Dramatic changes, however, were to come upon the lives of these two men that would not only alter the course of the good news of Christ, but eventually bring them together in a common mission. Today we see those beginnings as we read of Paul's dramatic conversion of faith in Jesus Christ as he is on the way to Damascus as a part of his plan to arrest some of Jesus' disciples. Not only has his life experienced a complete "180" but so has his mission. Instead of ridding Damascus of the message about Jesus, he is now a key player in bringing the gospel to his city to the far north of Jerusalem.

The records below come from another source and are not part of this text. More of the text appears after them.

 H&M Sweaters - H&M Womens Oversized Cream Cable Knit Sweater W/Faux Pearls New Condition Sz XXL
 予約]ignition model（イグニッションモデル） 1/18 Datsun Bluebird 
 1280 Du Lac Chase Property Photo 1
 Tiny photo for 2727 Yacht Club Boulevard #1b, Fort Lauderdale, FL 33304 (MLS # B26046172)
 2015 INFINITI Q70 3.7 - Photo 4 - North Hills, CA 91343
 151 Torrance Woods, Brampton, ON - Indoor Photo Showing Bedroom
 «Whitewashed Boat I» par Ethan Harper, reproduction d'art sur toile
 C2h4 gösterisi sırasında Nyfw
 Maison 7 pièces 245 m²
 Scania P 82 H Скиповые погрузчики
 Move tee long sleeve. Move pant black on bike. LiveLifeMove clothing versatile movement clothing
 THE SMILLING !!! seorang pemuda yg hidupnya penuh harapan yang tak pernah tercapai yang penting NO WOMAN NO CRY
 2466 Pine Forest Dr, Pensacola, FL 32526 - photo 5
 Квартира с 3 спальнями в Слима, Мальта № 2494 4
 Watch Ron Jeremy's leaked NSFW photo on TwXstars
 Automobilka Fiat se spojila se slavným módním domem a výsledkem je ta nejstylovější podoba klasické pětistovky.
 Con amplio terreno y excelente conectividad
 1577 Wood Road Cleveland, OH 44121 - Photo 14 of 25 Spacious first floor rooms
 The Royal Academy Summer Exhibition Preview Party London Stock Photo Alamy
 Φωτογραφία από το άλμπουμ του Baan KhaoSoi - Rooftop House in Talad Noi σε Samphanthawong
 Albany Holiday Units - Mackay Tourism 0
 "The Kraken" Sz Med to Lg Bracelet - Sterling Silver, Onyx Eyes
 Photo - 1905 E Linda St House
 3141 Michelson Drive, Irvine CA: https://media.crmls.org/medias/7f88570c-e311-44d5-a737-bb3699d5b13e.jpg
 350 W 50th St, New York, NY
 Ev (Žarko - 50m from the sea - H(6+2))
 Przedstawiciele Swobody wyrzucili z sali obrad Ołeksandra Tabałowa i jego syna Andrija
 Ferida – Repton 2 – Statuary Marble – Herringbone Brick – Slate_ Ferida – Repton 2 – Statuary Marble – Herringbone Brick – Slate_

And as for Peter? His wanderings outside of Jerusalem have taken him to the west to towns along the eastern shore of the Mediterranean Sea. As he goes he works signs and wonders among the Jews that are reminiscent of the ministry of Jesus. He is truly a man filled with the Holy Spirit of God. And then he receives a vision that helps him to understand that divine grace was not restricted to the Jews, and in his defense of his ministry to the other apostles in Jerusalem he argued, "If then God gave them (the Gentiles) the same gift (the Holy Spirit) that he gave us when we believed in the Lord Jesus Christ, who was I that I could hinder God?" (11:17).
And so, Paul and Peter are off an running, knocking down barriers and challenging preconceived notions about the universal message of the gospel. We are not only beneficiaries of their witness, but inheritors of their mission.